Portfolio

Graphics, Templates and Native Arrays ( 2024 )

This are simple c classes written for the preprocessor. For more information about the preprocessor click here.

Year 2024
Author Kaj Dijkstra
Languages pure C
Frameworks Opengl, X11 and FreeType
Size of Sourc code 200kb
Size of Binary 93.8kb
Lines of code 9 588

Templates

It is now possible to create templates in the preprocessor. You can define a template using the "template" keyword. And between the "<" and ">" symbols, you write the arguments. Then everywhere you write the value that you put between the "<" and ">" signs ("T" in this case) in that class definition will be replaced with the values you put in between the "<" and ">" signs when you define an instance of the class ("Vector" in this case).


template< T >
class vector{

	int capacity 		= 10;

	int total 			= 0;

	T * items 			= malloc( 10000000 );

	int length()
	{

		return this->total;

	}

	T get( int index )
	{

		return this->items[index];

	}

	void set( int index, T item )
	{

		if ( index >= 0 && index < this->total ){

			this->items[ index ] = item;

		}

	}

	void resize( int capacity )
	{

		T * items = realloc( this->items, sizeof( T ) * capacity );


		this->items 	= items;

		this->capacity 	= capacity;

	}

	void add( T item )
	{

		if ( this->capacity == this->total ){

			this->resize( this->capacity * 2 );
	
		}

		this->items[ this->total++ ] = item;

	}

	int array_push( T item ) {

		this->add( item );
		
		return  this->total;

	}

	void unshift( T item ) {

		int length	= this->total;

		this->total++;

		if ( this->capacity == this->total ){

			this->resize( this->capacity * 2 );

		}

		for ( int i = length - 1; i >= 0; --i ) {

			this->items[ i + 1 ] = this->items[ i ];

		}

		this->items[ 0 ] = item;

	}

}

Now if you instantiate the above class "vector," you need to add argument values to that instantiation.



	main() {

		vector< int > * example	= new vector();

	}

The preprocessor will detect you created a new instance.
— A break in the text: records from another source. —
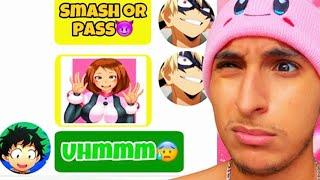 MHA BOYS PLAY SMASH OR PASS! l Mha Smash or Pass Groupchat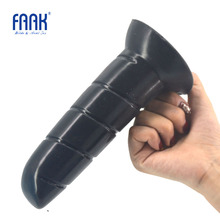 FAAK silicone anal plug with suction cup 2018 sex products masturbate stick anal dildo penis sex toys for woman Prostate massage 2024 - buy cheap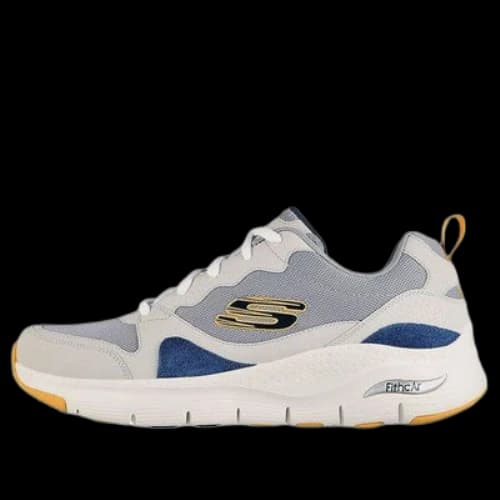 Skechers Arch Fit Sport 'White Gray Yellow'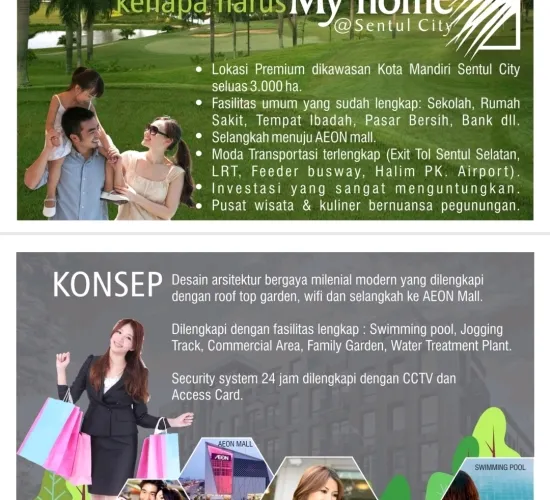 PROJECT : Apartemen My Home Sentul city, Bogor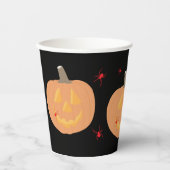 Halloween Pumpkin Halloween Party Papieren Bekers (Voorkant)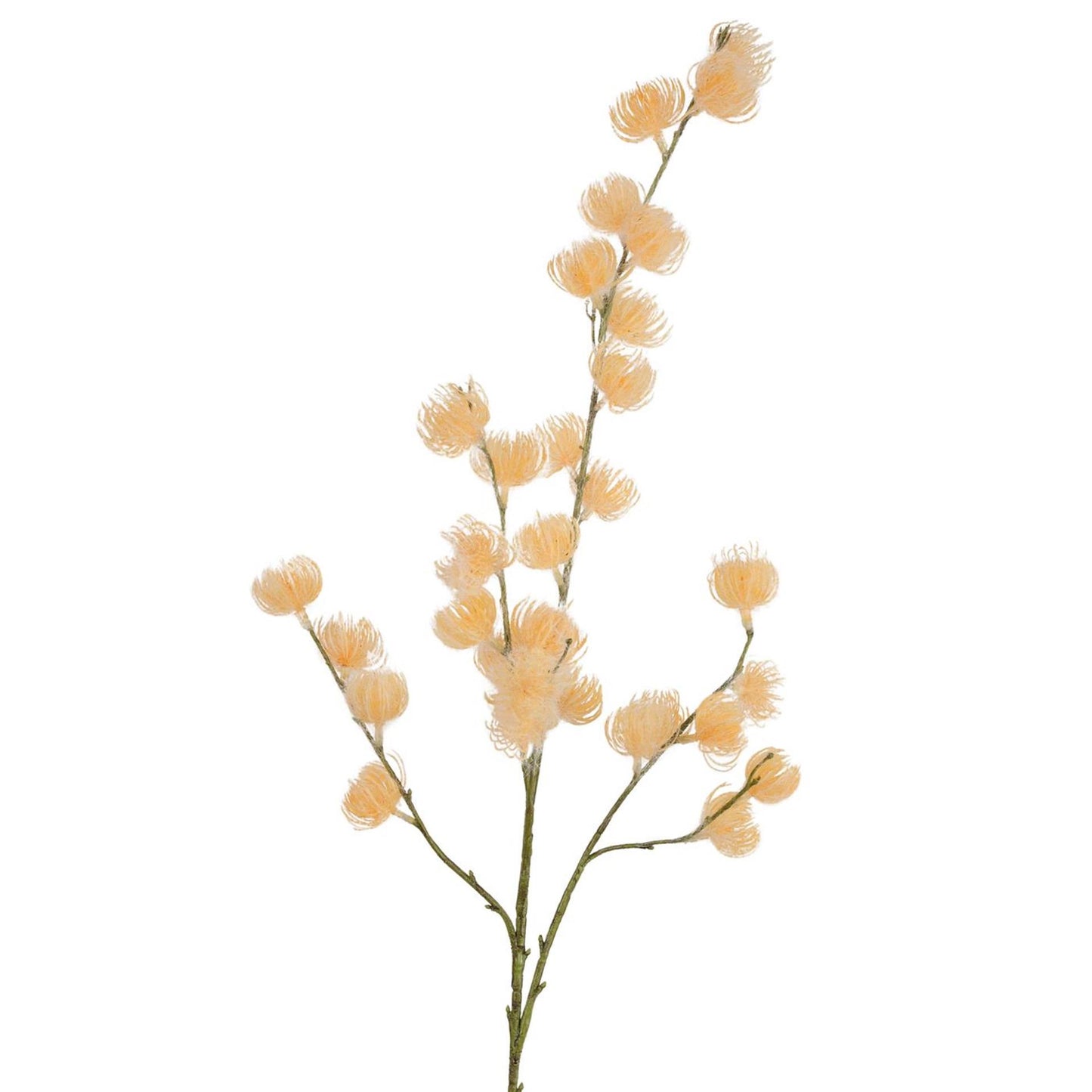 Roberts collection boule de peluche branche artificielle jaune 108cm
With in this case the argument value " int " that are in between "<" and ">". And create an extra version of the class in the preprocessing stage.

vector.h:


	typedef struct vector_int{

		int capacity;

		int total;

		int * items;


	} vector_int;

	int vector_int_length( vector_int * this );

	int vector_int_get( vector_int * this, int index );

	void vector_int_set( vector_int * this, int index,  int item );

	void vector_int_resize( vector_int * this, int capacity );

	void vector_int_add( vector_int * this, int item );

	void vector_int_delete( vector_int * this, int index );

	int vector_int_array_push( vector_int * this, int item );

	void vector_int_unshift( vector_int * this, int item );


vector.c:




int vector_int_length( vector_int * this ) {

	return this->total;

}


int vector_int_get( vector_int * this, int index ) {

	return this->items[index];

}

void vector_int_set( vector_int * this, int index,  int item ) {

	if ( index >= 0 && index < this->total ){

		this->items[ index ] = item;

	}

}

void vector_int_resize( vector_int * this, int capacity ) {

	int * items = realloc( this->items, sizeof( int ) * capacity );


	this->items 	= items;

	this->capacity 	= capacity;

}

void vector_int_add( vector_int * this, int item ) {

	if ( this->capacity == this->total ){

		vector_int_resize( this,  this->capacity * 2 );

	}

	this->items[ this->total++ ] = item;

}


void vector_int_delete( vector_int * this, int index ) {

	if ( index < 0 || index >= this->total ){

		return;

	}

}

int vector_int_array_push( vector_int * this, int item ) {

		vector_int_add( this,  item );
		
		return  this->total;

}

void vector_int_unshift( vector_int * this, int item ) {

	int length	= this->total;

	this->total++;

	if ( this->capacity == this->total ){

		vector_int_resize( this,  this->capacity * 2 );

	}

	for ( int i = length - 1; i >= 0; --i ) {

		this->items[ i + 1 ] = this->items[ i ];

	}

	this->items[ 0 ] = item;

}

vector_int vector_int_new() {

	vector_int instance;

	instance.capacity =  10;

	instance.total =  0;

	instance.items =  malloc( 10000000 );

	return instance;

}

vector_int * vector_int_newPointer() {

	struct vector_int * pointer = malloc( sizeof ( struct vector_int ) );

	pointer->capacity =  10;

	pointer->total =  0;

	pointer->items =  malloc( 10000000 );

	return pointer;

}


As you can see all the " P " occurences are replaced with "int" in this case.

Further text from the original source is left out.